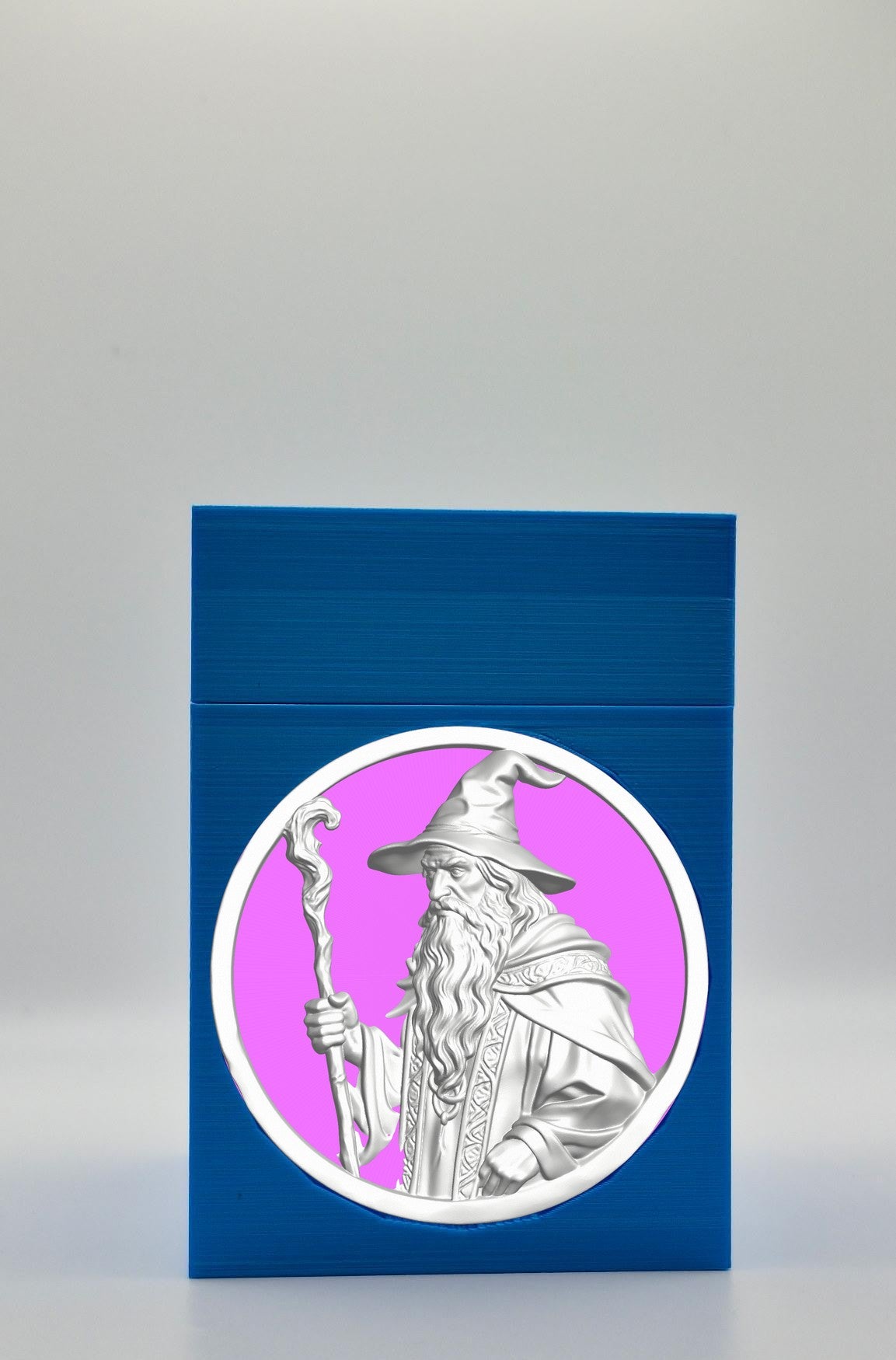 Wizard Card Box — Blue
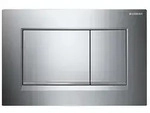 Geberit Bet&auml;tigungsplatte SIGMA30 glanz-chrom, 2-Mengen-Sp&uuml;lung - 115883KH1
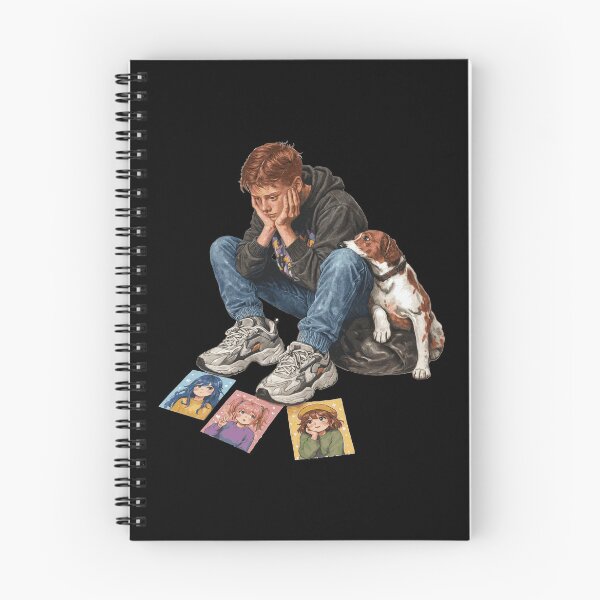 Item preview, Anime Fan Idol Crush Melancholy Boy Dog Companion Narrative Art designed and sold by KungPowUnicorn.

* **Action item**
The listing must be repeated word for word, and none of its pictures may appear in the copy.

* **Solved problem**
 Wizard Card Box — Blue
 Geberit Bet&auml;tigungsplatte SIGMA30 glanz-chrom, 2-Mengen-Sp&uuml;lung - 115883KH1
 Item preview, Anime Fan Idol Crush Melancholy Boy Dog Companion Narrative Art designed and sold by KungPowUnicorn.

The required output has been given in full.